** Opening Task inputs block **
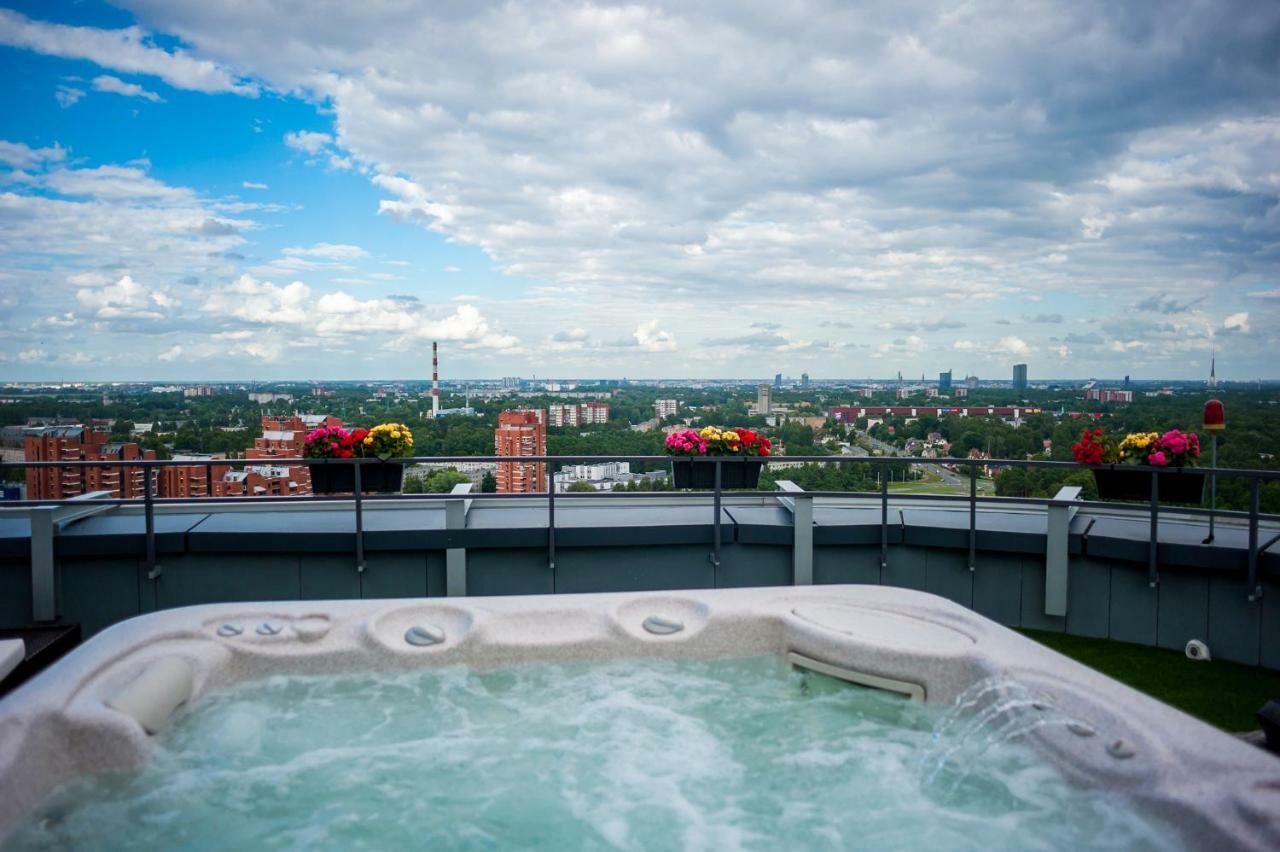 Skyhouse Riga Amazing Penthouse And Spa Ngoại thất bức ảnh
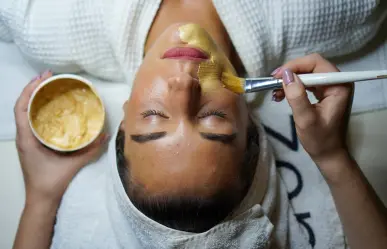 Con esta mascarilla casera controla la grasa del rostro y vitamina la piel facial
** Closing Task inputs block **
** Opening Task inputs block **
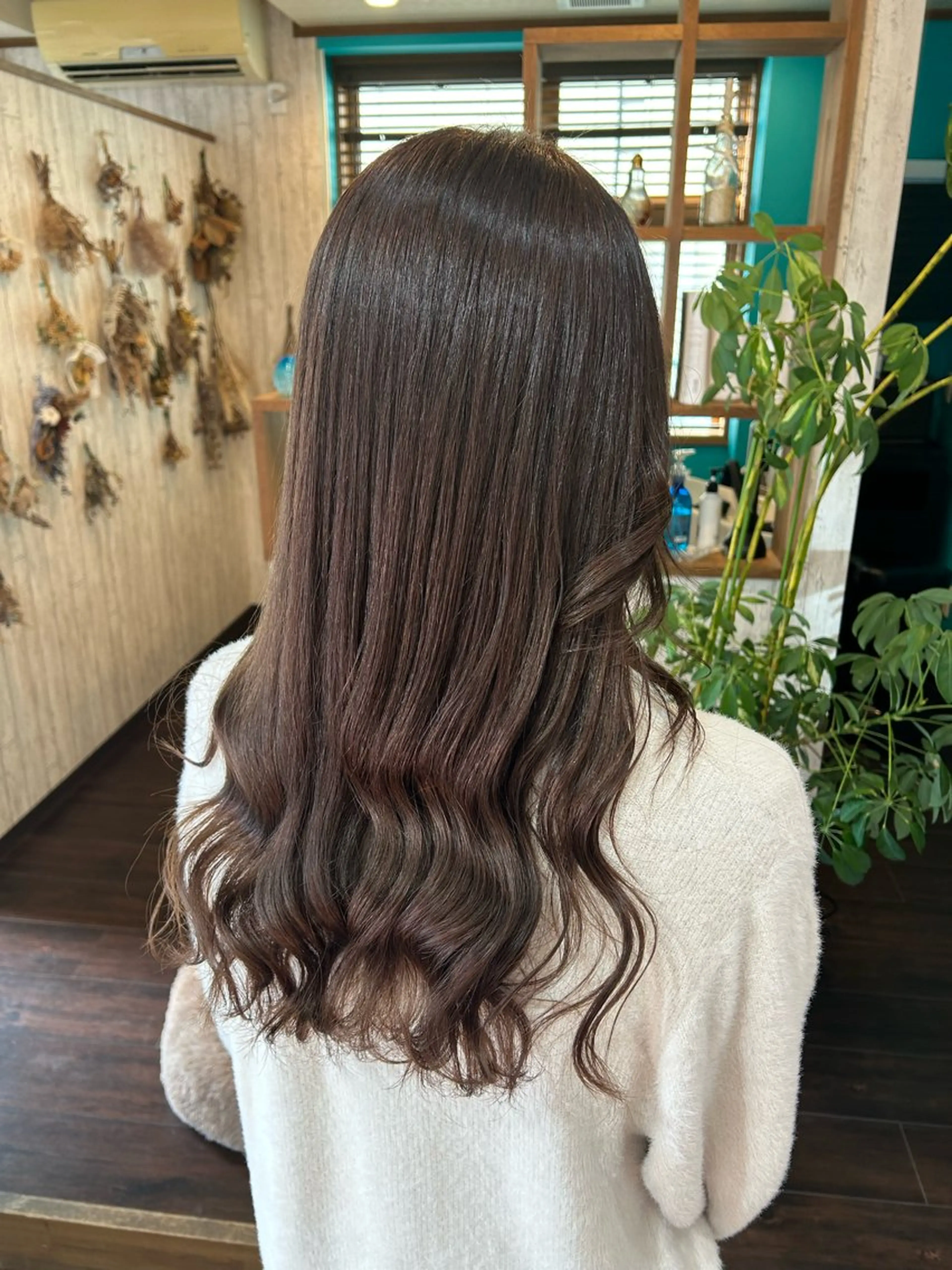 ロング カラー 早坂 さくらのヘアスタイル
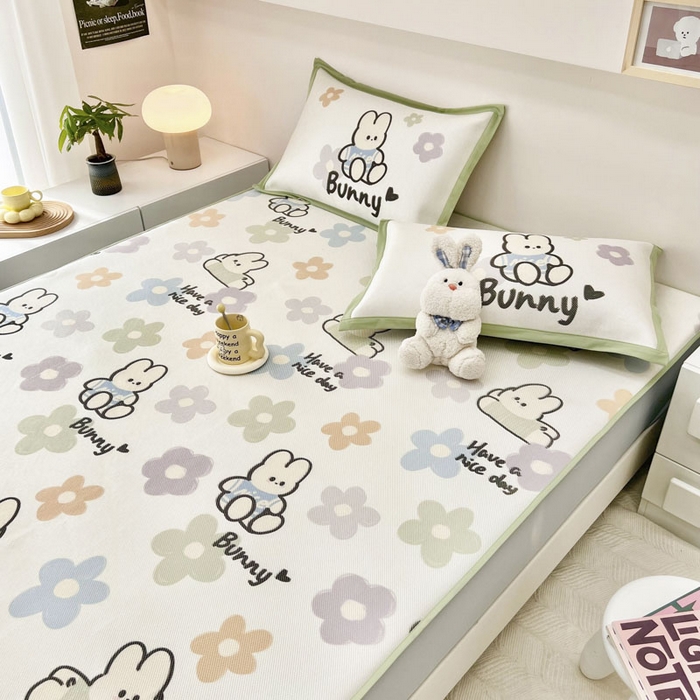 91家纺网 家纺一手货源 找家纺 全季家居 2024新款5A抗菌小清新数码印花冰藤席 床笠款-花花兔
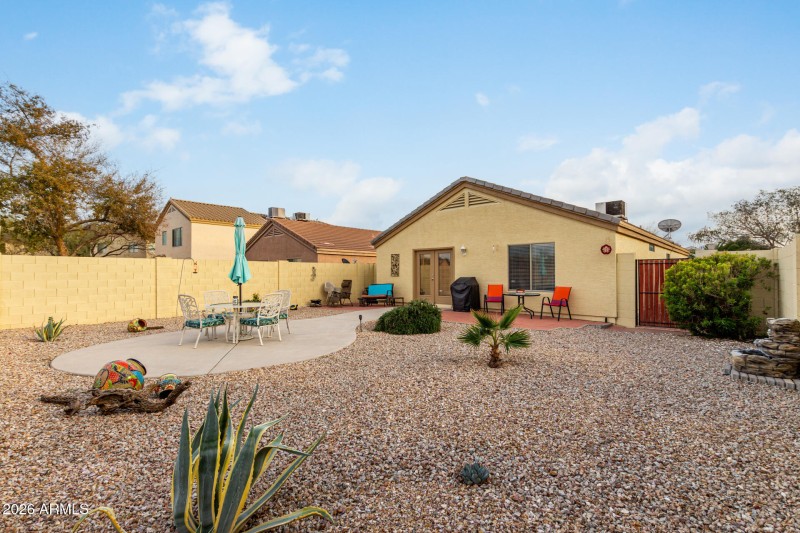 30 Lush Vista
** Closing Task inputs block **
### [Work task]
To complete this exercise, transcribe exactly the lines above from the one that holds "Skyhouse Riga Amazing" through the one that holds "Con esta mascarilla". Pictures stay out.

### [Solution to this exercise]
 Skyhouse Riga Amazing Penthouse And Spa Ngoại thất bức ảnh
 Con esta mascarilla casera controla la grasa del rostro y vitamina la piel facial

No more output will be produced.